* The settlement of Jewish immigrants in unpopulated areas has been a cornerstone of Zionism since its founding at the end of last century.

Jewish settlers, who have emerged as the main obstacle to implementing the Israeli-Palestinian peace accord, began moving to Israeli-occupied Arab territories after the 1967 Arab-Israeli conflict.

1947-48: United Nations decides to divide Palestine into separate Jewish and Arab states. Israel created by Jewish government. War erupts. Israel wins back half of land earmarked for Arabs.

1967: In war with Arabs, Israel captures the West Bank, Gaza, the Golan Heights, the Sinai Peninsula, and East Jerusalem.

1968: First Jewish settlers cross into the occupied West Bank.

1972: First settlement established at Kiryat Arba.

1974: Settlements outside Jerusalem established.

1977: Right-wing Likud Party wins election and makes settlement of occupied territories a central part of their platform.

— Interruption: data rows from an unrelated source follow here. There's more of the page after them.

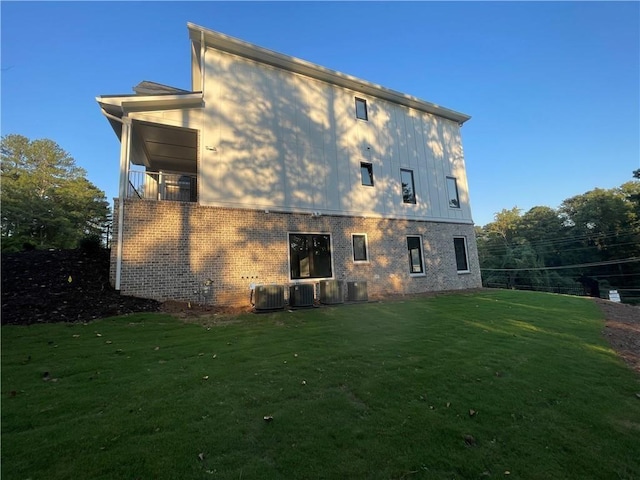 rear view of property with central AC unit and a yard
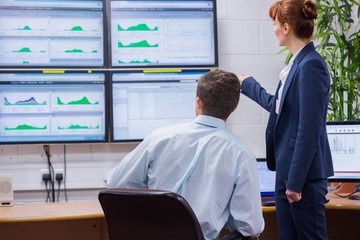 Poster - Focused colleagues analyzing result on their computer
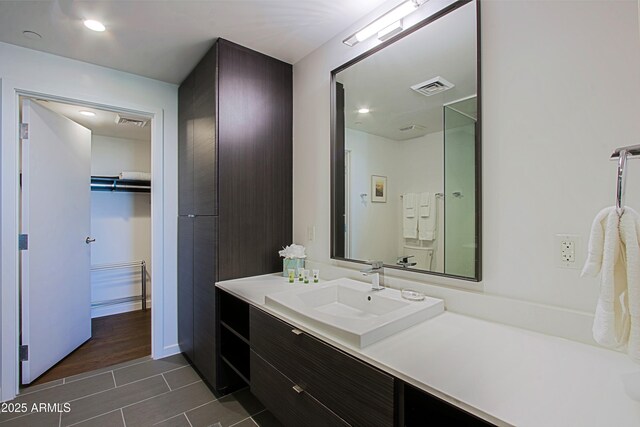 200 W Portland St Unit 1024, Phoenix, AZ 85003 - bathroom featuring vanity, tile patterned flooring, and a spacious closet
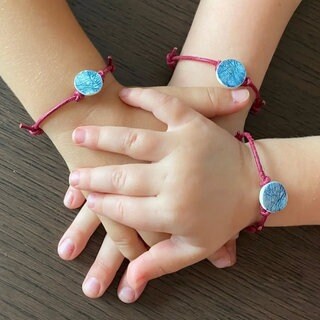 Das sind die Hände von drei "großen" Schwestern. Sie tragen Armbänder mit den Fingerabdrücken ihres kleinen Bruders. Er wurde nur 15 Tage alt. 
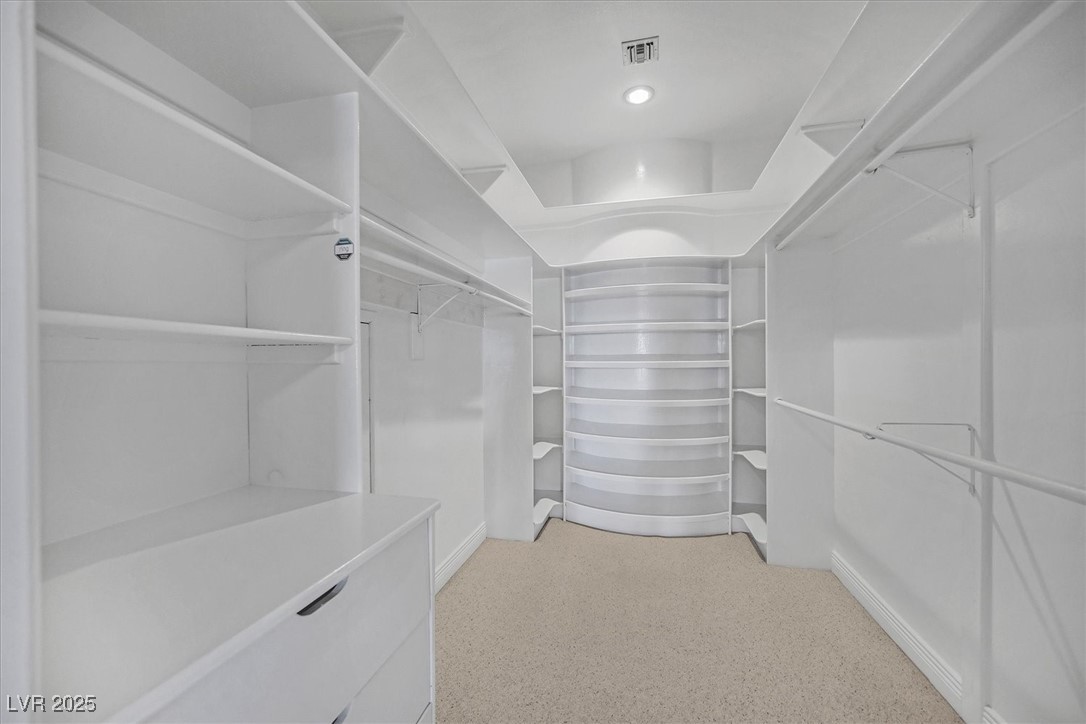 3372 Westwind Road Las Vegas, NV 89146 - Photo 19 of 39 Walk in closet featuring light carpet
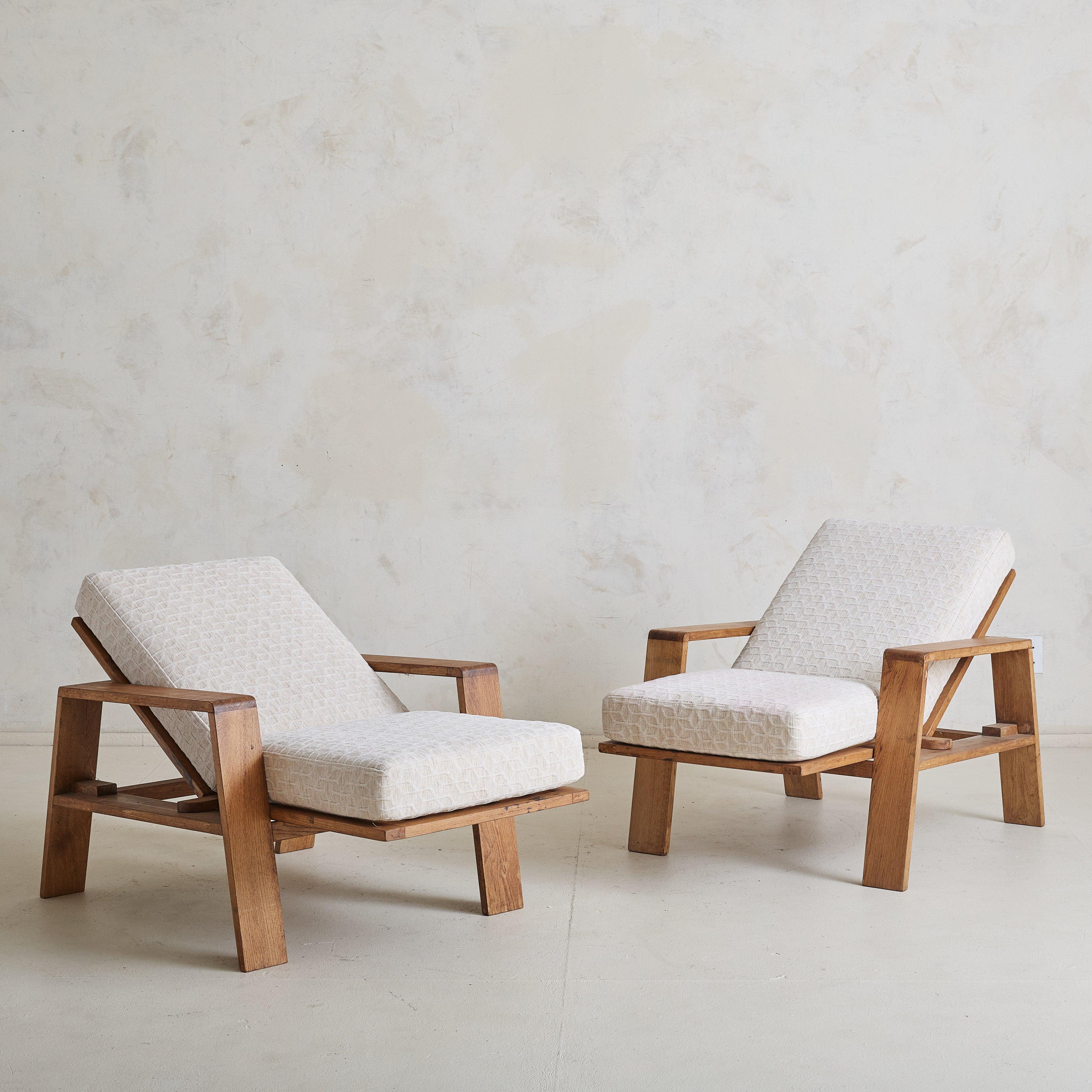 A pair of 1950s French reclinable oak armchairs. Constructed from solid oak, the frames feature slatted backs and angled legs, creating a relaxed, ergonomic silhouette. The chairs are adjustable—the seats cleverly slide forward, allowing the backs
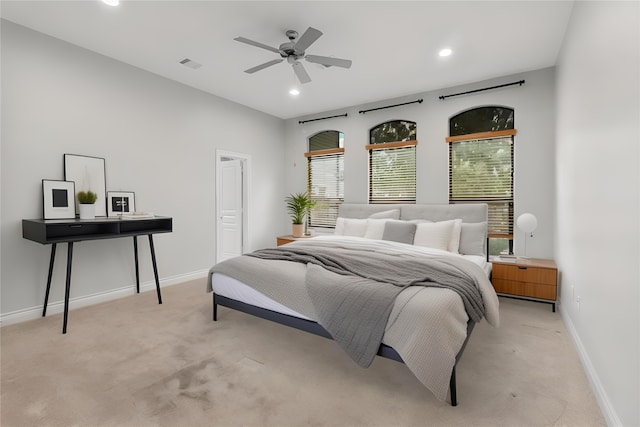 bedroom with ceiling fan, multiple windows, and light colored carpet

1978: Camp David accord between Israel and Egypt paves the way for the return of the Sinai Peninsula to Egypt and the evacuation of some 5,000 settlers. But settlement of the West Bank, Gaza, and Golan Heights accelerates.

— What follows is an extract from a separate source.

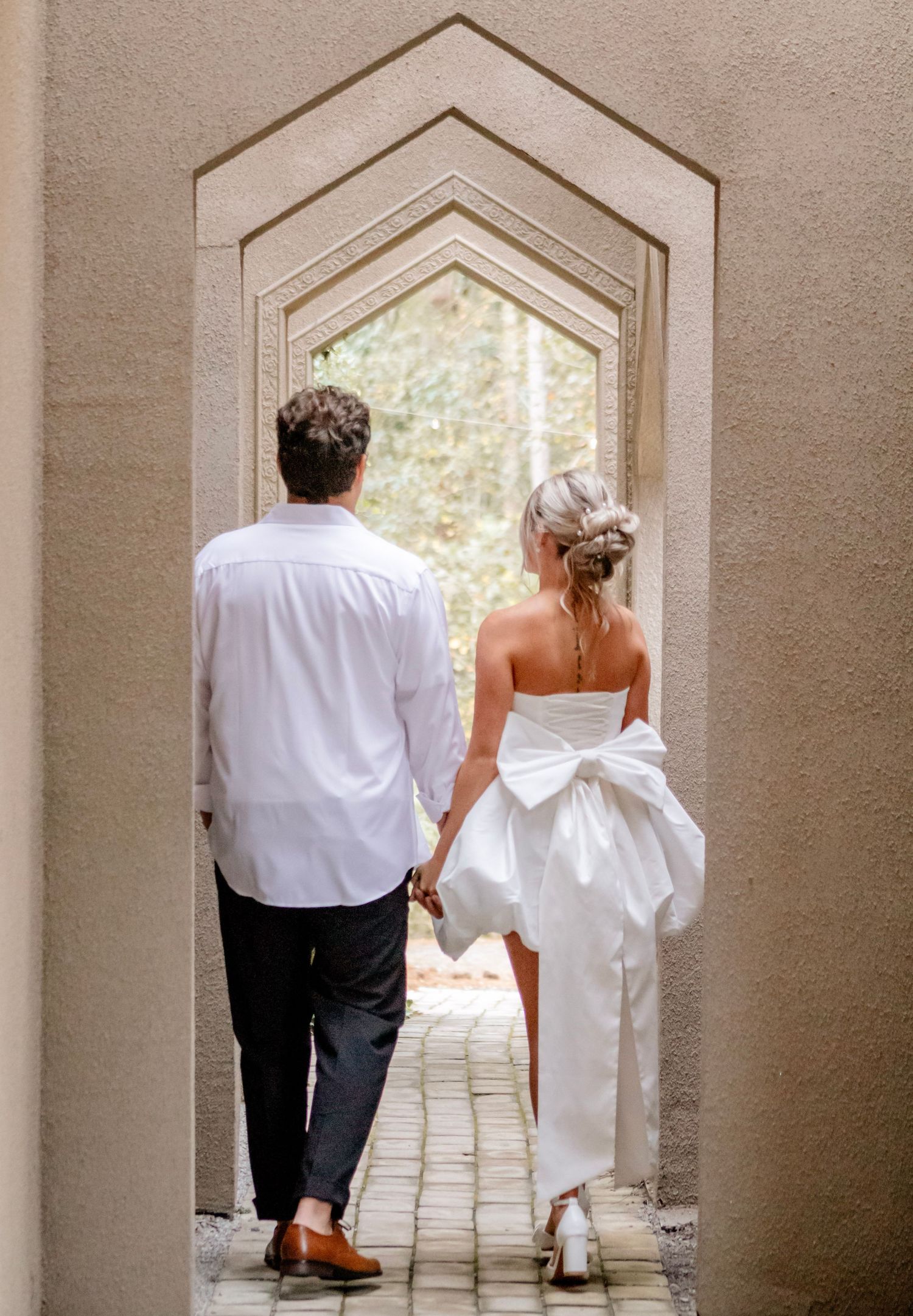 Wedding couple walking through architectural archways in elegant formal wear.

1980: Israel annexes East Jerusalem. Settlement of East Jerusalem gains momentum.

1992: Yitzhak Rabin becomes Israel's prime minister and pledges to prevent new ``political'' settlements. Israel-PLO peace talks begin.

1993: Settlements assured of continued existence under five-year peace accord leading to Palestinian self-rule. Final status of settlements to be resolved in talks beginning May 1996.

May 1994: Israel withdraws from Gaza and the West Bank enclave of Jericho.

December 1994: Palestinians protest expansion of Efrat settlement near Jerusalem. Israel brokers deal for developing an alternative site.

January 1995: Israel approves expansion of two large settlements close to Jerusalem.